Friday, October 28, 2005

Quick takeaways from the indictment and presser

1. Given Scooter's bald-faced and readily falsifiable tissue of lies, it is clear that these morons really must have thought that the Department of Justice would never go after -- much less secure -- testimony from reporters. Two potential explanations (not mutually exclusive) present themselves: (a) early in the investigation, when Scooter & Co. first confected the I-just-heard-this-as-gossip-from-reporters web of whoppers, the malefactors thought the fix was in because Ashcroft was running the show (and bear in mind that no Justice official had begun utilizing a grand jury); (b) there is a certain folklore around DC that prosecutors just won't go after testimony from reporters (whether out of principle or the feeling that it's not worth the fight and bother). Let's remember, shall we, Bush's little Freudian slip of October 7, 2003: "I have no idea whether we'll find out who the leaker is, partially because, in all due respect to your profession, you do a very good job of protecting the leakers." Very, very foolish gamble, dipshits.

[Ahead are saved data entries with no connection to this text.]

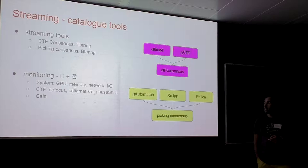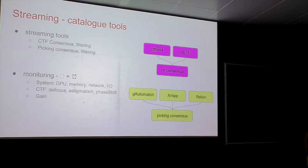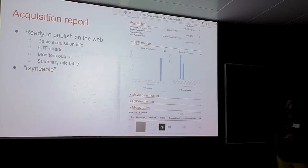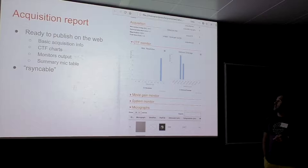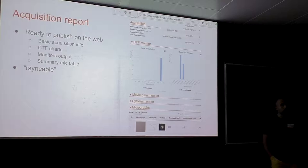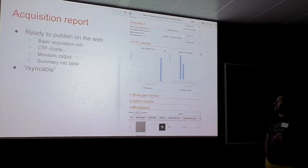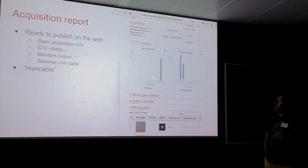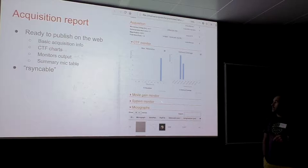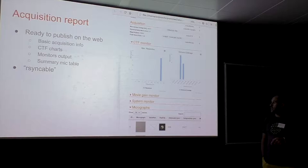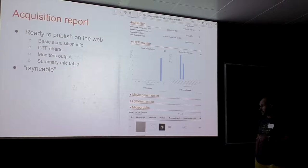The report also includes movie gain charts, system monitor charts, and a micrograph table with thumbnails of the micrographs, the shift plot, and all the values associated with the CTF. So you can monitor the CTF focus going above some value and get alerts.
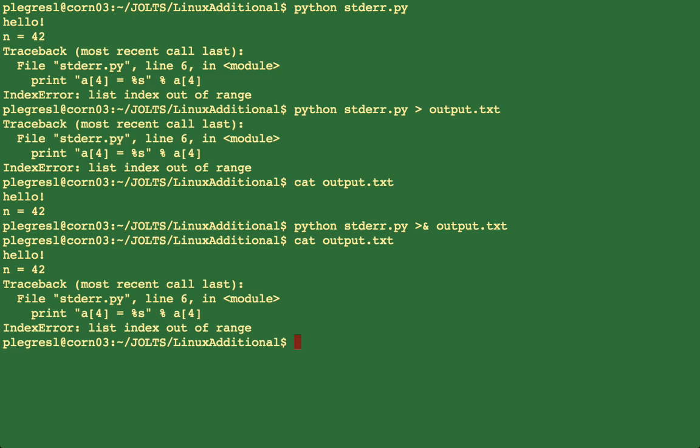So this is convenient if maybe you have a problem with your program and you want to save the full output to one file so that everything is in one place.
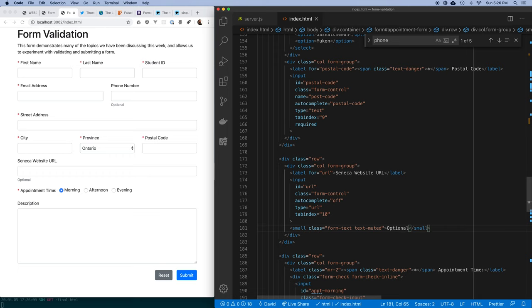We've now said that to submit this form you must fill out the required fields. Let's go further and think about what other mistakes users could make.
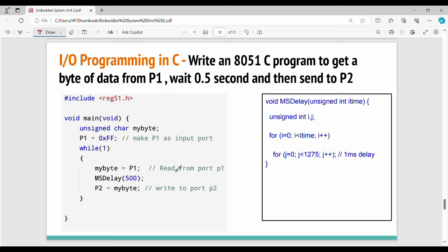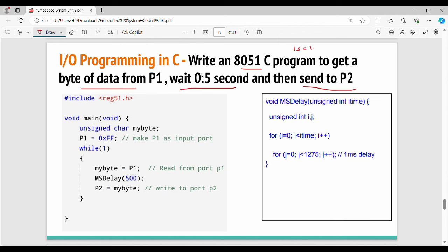Hi friends, welcome back. This is the embedded system lab C programming series. In the previous video we covered basic programs with input and output for the 8051 C program. Now, an important concept: one second equals 1000 milliseconds, so 0.5 seconds equals 500 milliseconds.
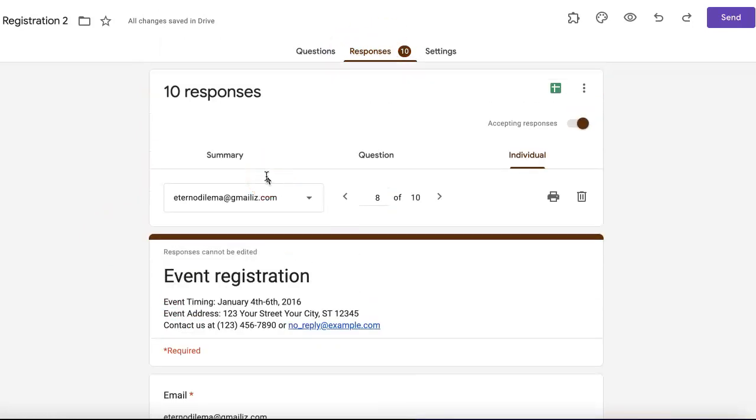Hopefully this helps you better manage your Google forms. Be sure to like and subscribe. If you need any more help with managing your Google forms, check out the rest of our channel and our other videos using either the link on the upper right corner of this video or right below. See you next time.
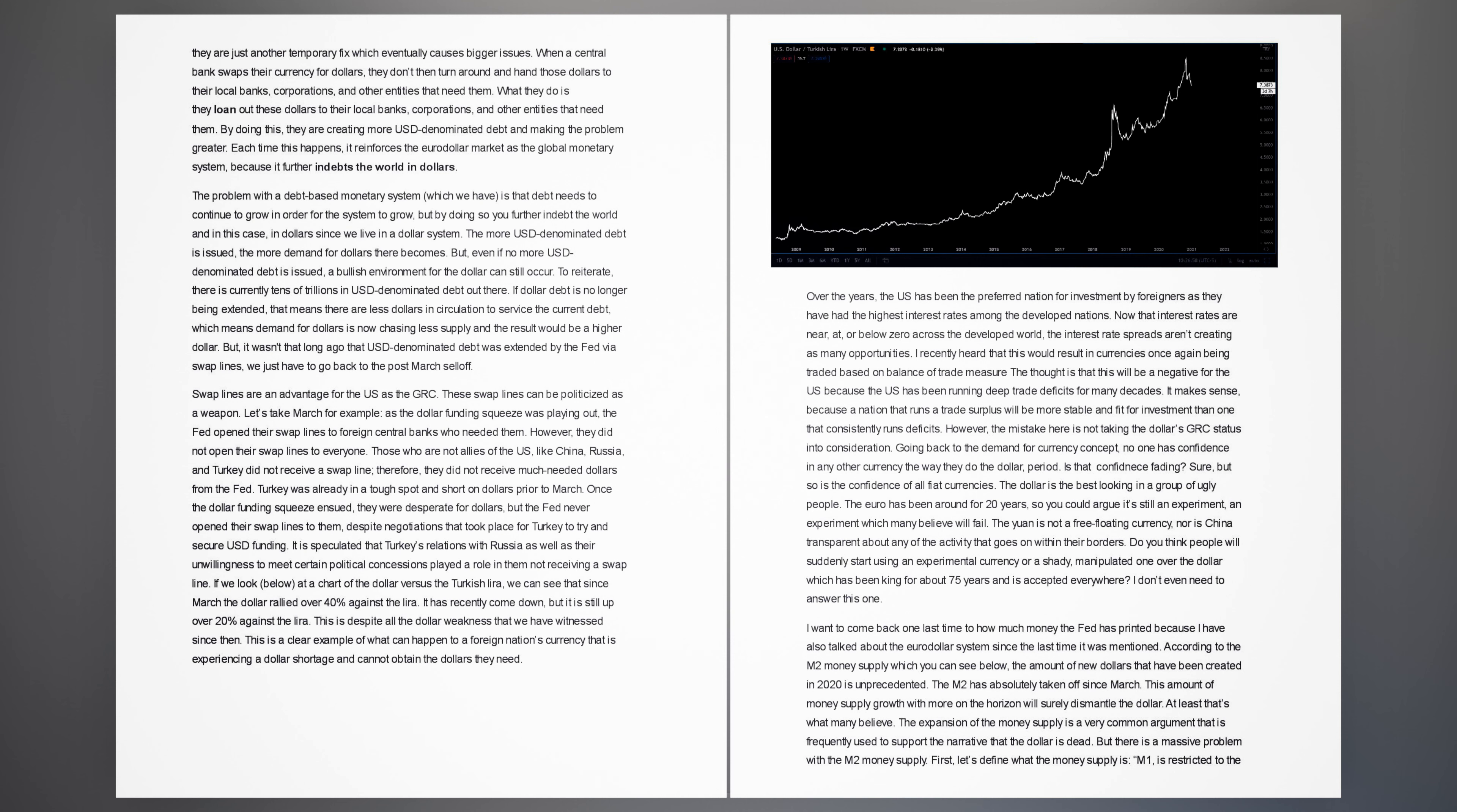What they do is they loan out these dollars to their local banks, corporations, and other entities that need them. By doing this, they are creating more USD-denominated debt and making the problem greater. Each time this happens, it reinforces the euro-dollar market as the global monetary system, because it further indebts the world in dollars. The problem with a debt-based monetary system is that debt needs to continue to grow in order for the system to grow, but by doing so you further indebt the world and in this case, in dollars since we live in a dollar system.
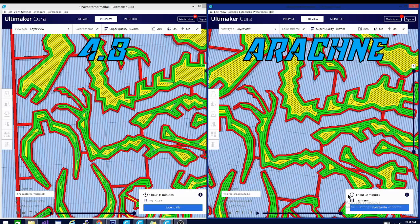There is a raft involved, that's why it's taking so long. We are using 14 grams in both instances, but the Arachne version is using 4.68 meters of filament compared to 4.72 meters. So you're also saving filament, which tells you that the pathing is a little bit better. It's obviously doing its job.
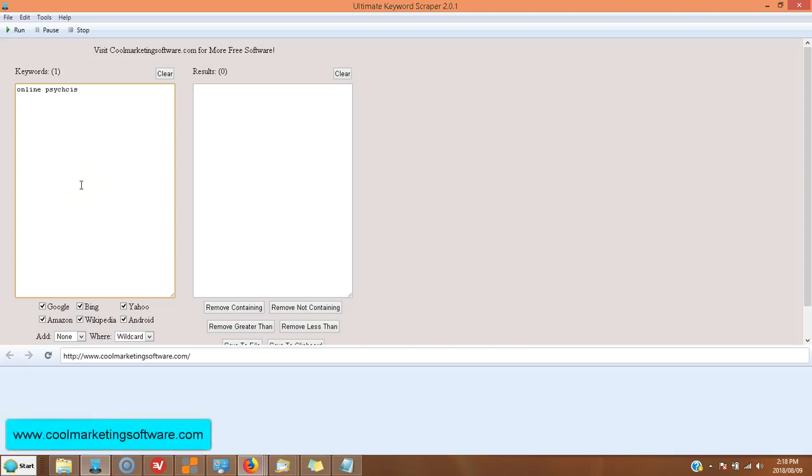Hi, this is Matt with QuickRegisterSEO.com and CoolMarketingSoftware.com and we've got some more free software for you.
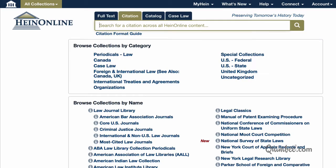Now if you know the citation format, it's even easier to search. Just click on the search box and enter the citation to search across all HeinOnline content. An especially fun case happens to be Pareko v. Pareko.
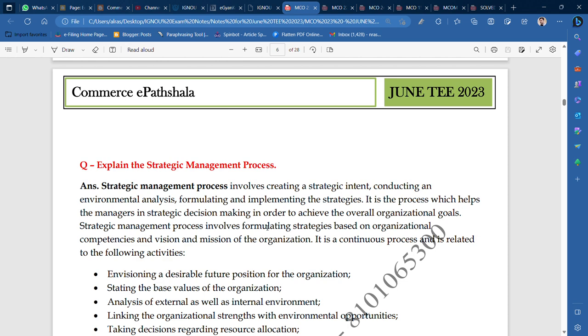The strategic management process involves formulating strategies based on organizational competencies and the vision and mission of the organization. So you will listen to your vision and mission carefully.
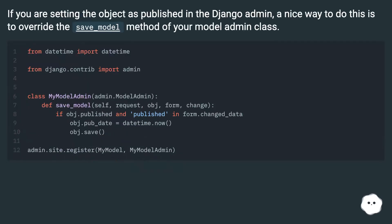If you are setting the object as published in the Django admin, a nice way to do this is to override the save_model method of your model admin class.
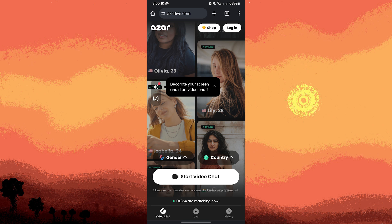Azzor connects you with people globally for video chats, offering translation features and various filters. Available on the Google Play Store and website.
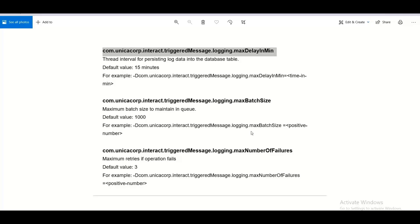Third JVM parameter to control the logging is max number of failures. It is the maximum number of retries if the operation has failed. The default value being 3 you can configure it to any other value.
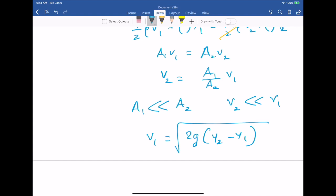That is pretty much how you solve Bernoulli's equation problems, and that is all there is to this chapter.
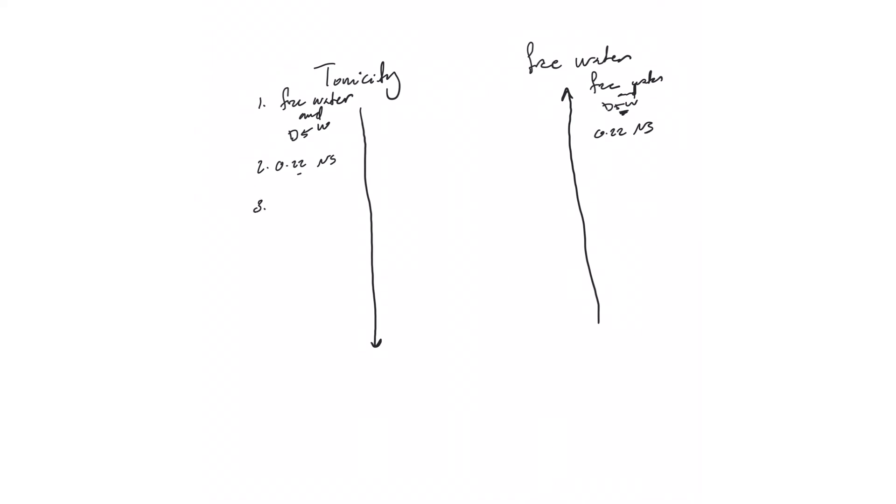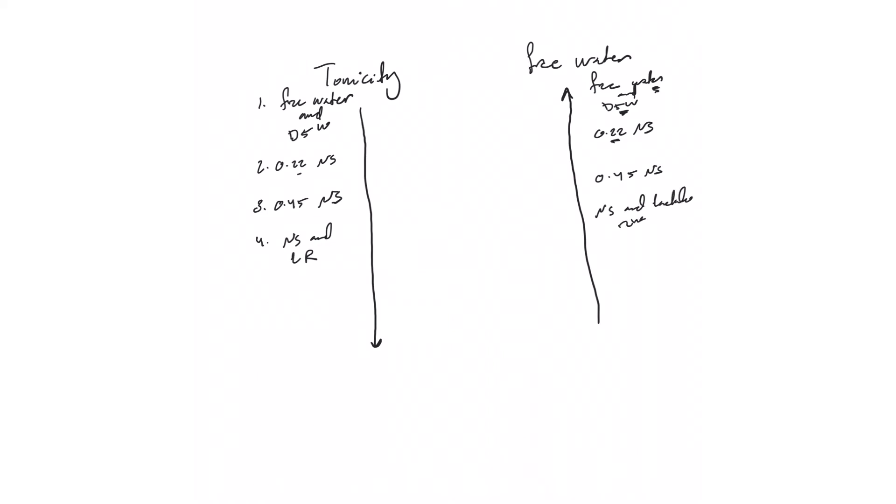Then we have half NS. In each liter of half NS you have 500 cc of free water. Here you have 750, and here you have the whole liter, a thousand cc of free water. Then we have NS and lactated ringer's - in these there is very minimal, if any, free water.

2. "Official A" is, of course, Rove. We'll be hearing more about him before too long. My first instinct on the unnamed "Undersecretary of State" is Marc Grossman. But outside odds make it John Bolton. That would be delicious. "Goo-goo-goo-fucking-joob" indeed. But let's not get too greedy too soon.

3. Fitz is not done. He's probably not even done with Scooter. Scooter's love-letter to Judy deserves its very own count in a superseding indictment.

4. Any efforts to crank up the noise machine to go after Fitz will backfire, horribly. He's very, very good. And he's just doing his job. Very well.